0 Replies Latest reply on May 6, 2009 5:21 AM by 843829

    False sharing and Memory layout on Multithreaded Java Program

      I encountered performance degrade going from 1 thread to 2 thread for embarrassing parallel programs.
      Each thread heavily accesses (read/write) some object fields, but one object is not accessed by both threads.
      However, because the hotspot JVM does not necessarily align the object according to cache line, it is possible to
      have two objects share the same cache line. For example, o1 and o2 are two objects of class Foo:

      class Foo {
      Object A;
      Object B;


      Foo o1 = new Foo();
      Foo o2 = new Foo();

      The JVM may layout part of o1 (o1.B) and part of o2 (o2.A) in the same cache line ( --cach line 2 as shown below).

      1111AAAA11111111111111111 -- cache line 1
      1111BBBB11112222AAAA2222 -- cache line 2
      22222222222222222BBBB2222 -- cache line 3

      1: o1 2: o2

      This cause a significant performance degradation due to false sharing between o1.A and o2.B.

      Due to the indeterministic nature of the layout, I am not hit by the impact of false sharing for every run.
      For some runs, I get 2x speedup as where were no false sharing. But occasionally, I get very bad performance.
      The penalty of false sharing can be reduce by binding the two threads to cores that share the same L2 cache.
      But this is not an acceptable solution because I want scalability beyond 2 threads and want to remove the
      false sharing at all.

      Traditional solution to avoid false sharing is either to align each object at the cache line boundary, or to pad the object
      to have extra space at the beginning and the rear of each object.

      I don't know how to do the alignment on the HotSpot JVM, if it is not impossible at all. Does anyone know to do achieve this?

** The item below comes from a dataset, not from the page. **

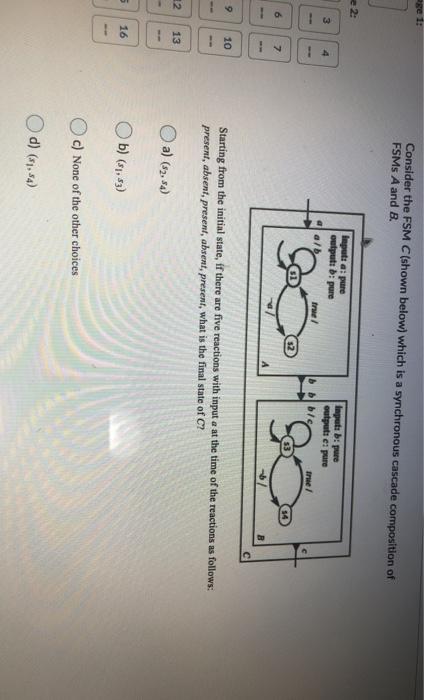 Solved Consider The Fsm C Shown Below Which Is A Chegg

      For padding, I don't know the exact correct way to do this: I want to ensure that the padding fields inserted are
      at the VERY beginning and the VERY rear of the object memory layout, instead of in the middle. I know JVM is free to
      reorder the fields. Does anyone know how to pad a object correctly?

      It would also be very helpful if anyone have any other opinions to avoid this kind of false sharing or whatever reason the bad performance might be.